** EXERCISE DIRECTIONS **
For every line below, restate it exactly and drop the images.

** DATA EXCERPT **

=== Section Start ===

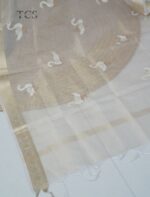 Ivory Beige Shimmer Kota Kurti Set - Image 6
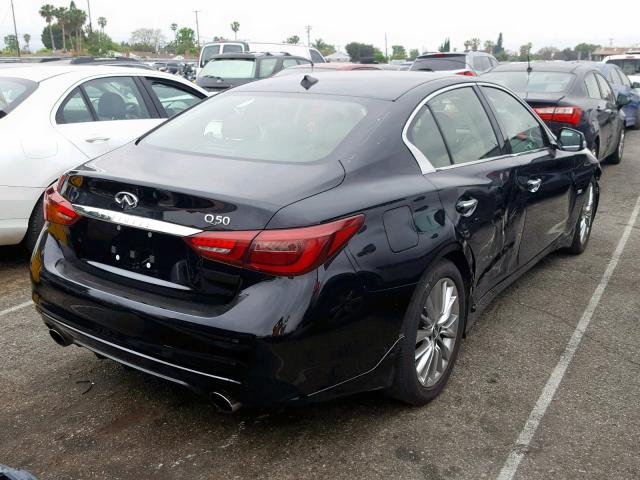 JN1EV7AP2JM365367 - 2018 INFINITI Q50 LUXE BLACK photo 4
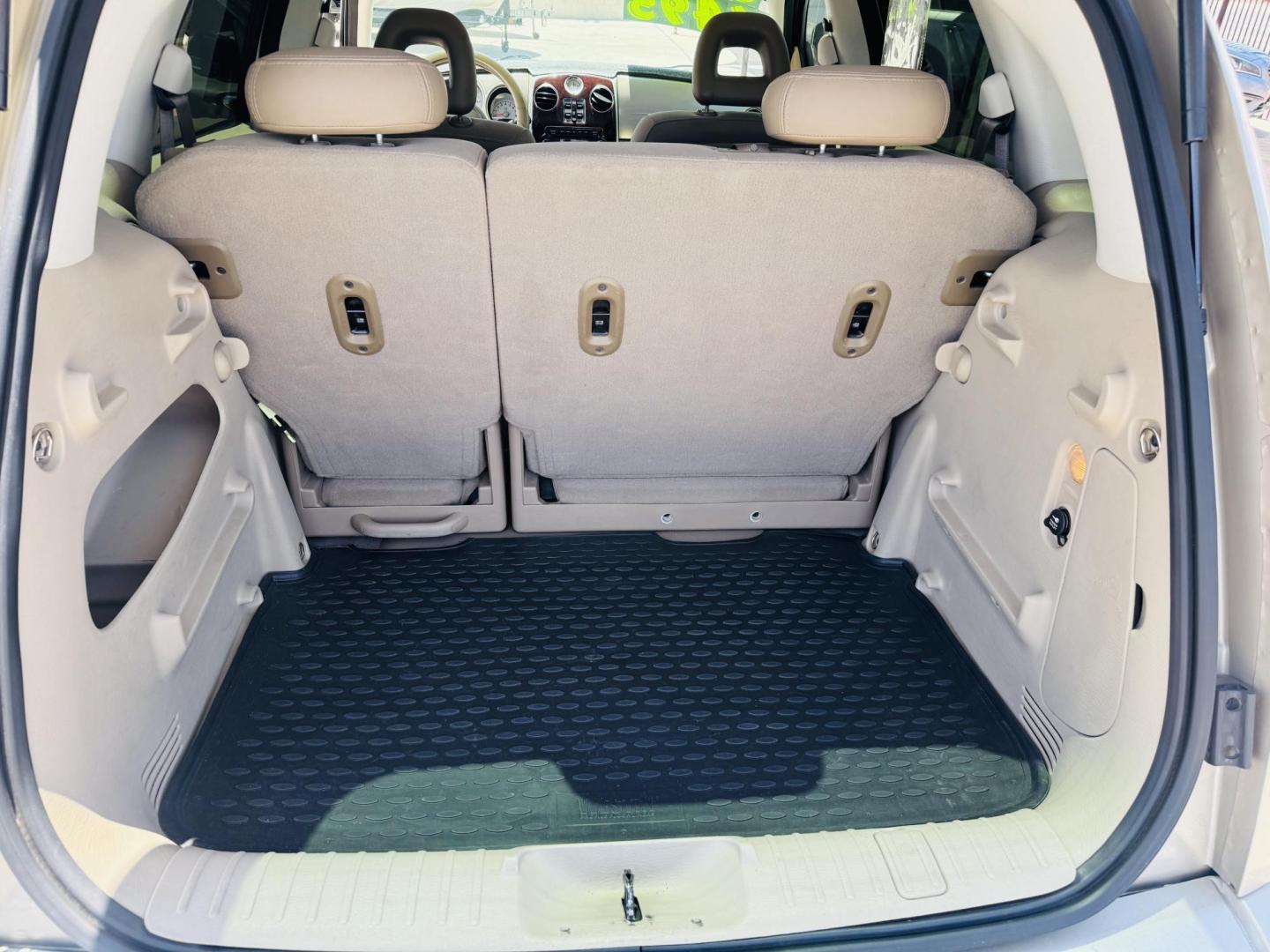 2006 Gold Chrysler PT Cruiser Touring Edition (3A4FY58B76T) with an 2.4L L4 DOHC 16V engine, located at 2190 Hwy 95, Bullhead City, AZ, 86442, (928) 704-0060, 0.000000, 0.000000 - super clean best of show pt cruiser. 2006 touring edition. brand new tires/wheels. serpentine belts been replaced. elderly owned. great running car. needs nothing. - Photo#21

=== Section End ===

** OUTPUT BELOW **
 Ivory Beige Shimmer Kota Kurti Set - Image 6
 JN1EV7AP2JM365367 - 2018 INFINITI Q50 LUXE BLACK photo 4
 2006 Gold Chrysler PT Cruiser Touring Edition (3A4FY58B76T) with an 2.4L L4 DOHC 16V engine, located at 2190 Hwy 95, Bullhead City, AZ, 86442, (928) 704-0060, 0.000000, 0.000000 - super clean best of show pt cruiser. 2006 touring edition. brand new tires/wheels. serpentine belts been replaced. elderly owned. great running car. needs nothing. - Photo#21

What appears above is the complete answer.